__Directions__:
Among the entries below, find the line with "Neo 8 In. Dual" and the line with "Vista 3 de BUYGOO". Return exactly those lines and every line between them, but no pictures.

__Supplied records__:

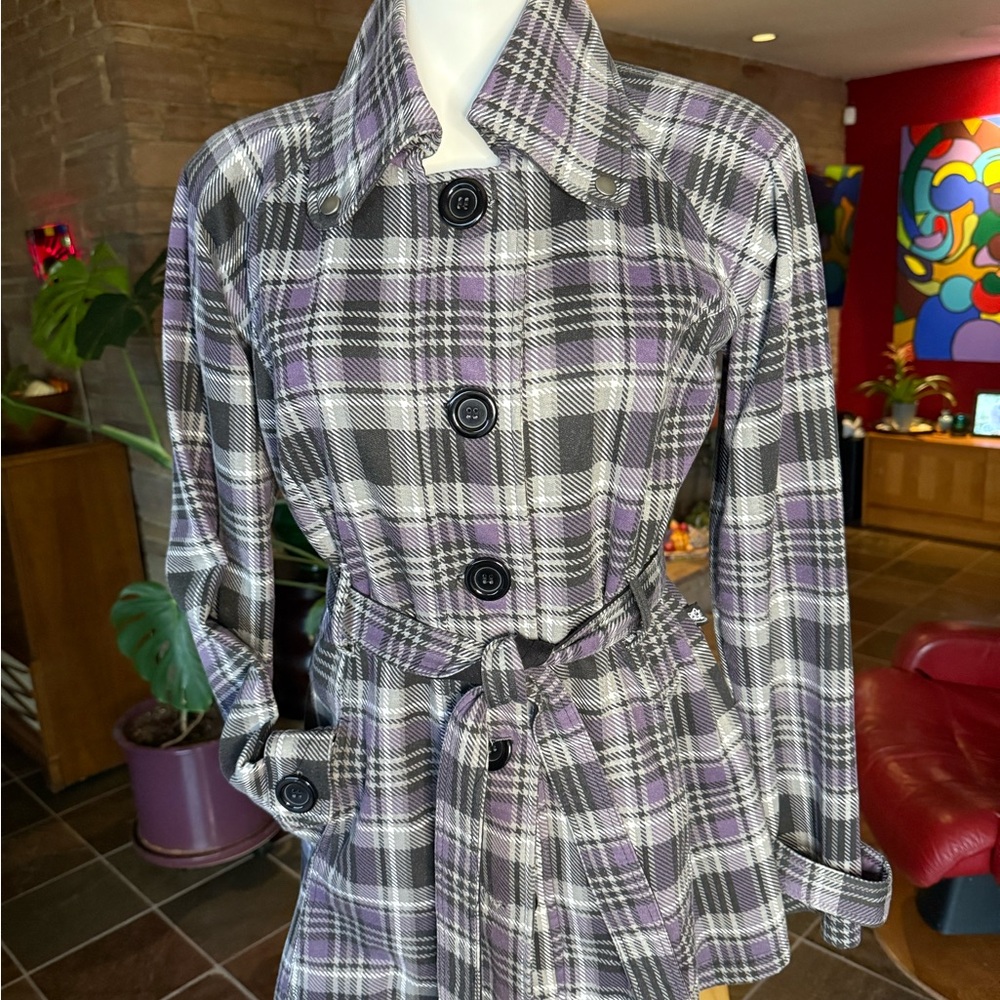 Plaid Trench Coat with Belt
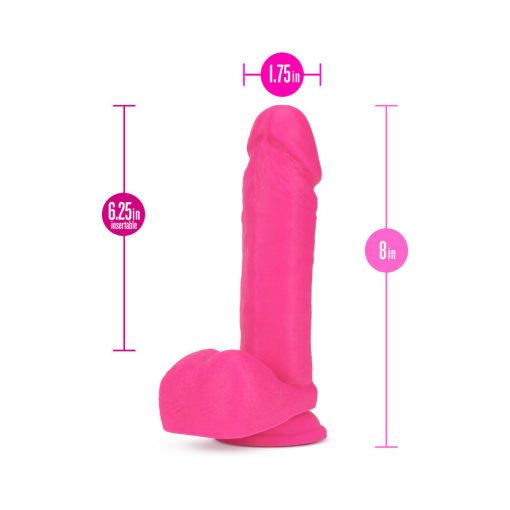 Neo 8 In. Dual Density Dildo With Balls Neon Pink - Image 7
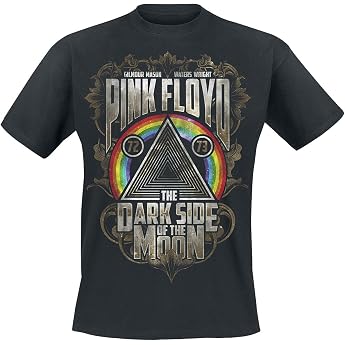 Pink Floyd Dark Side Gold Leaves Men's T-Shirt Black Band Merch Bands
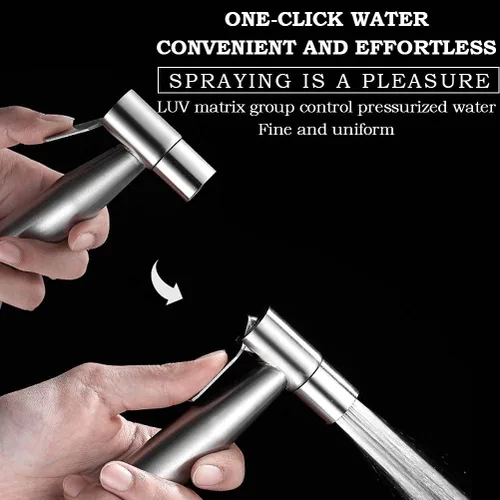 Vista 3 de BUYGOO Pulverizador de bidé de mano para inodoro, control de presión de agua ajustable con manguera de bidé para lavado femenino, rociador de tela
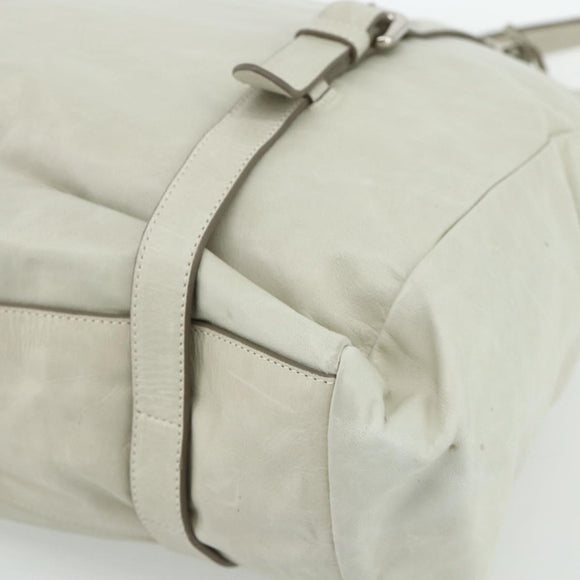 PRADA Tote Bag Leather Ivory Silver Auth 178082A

__Answer box__:
 Neo 8 In. Dual Density Dildo With Balls Neon Pink - Image 7
 Pink Floyd Dark Side Gold Leaves Men's T-Shirt Black Band Merch Bands
 Vista 3 de BUYGOO Pulverizador de bidé de mano para inodoro, control de presión de agua ajustable con manguera de bidé para lavado femenino, rociador de tela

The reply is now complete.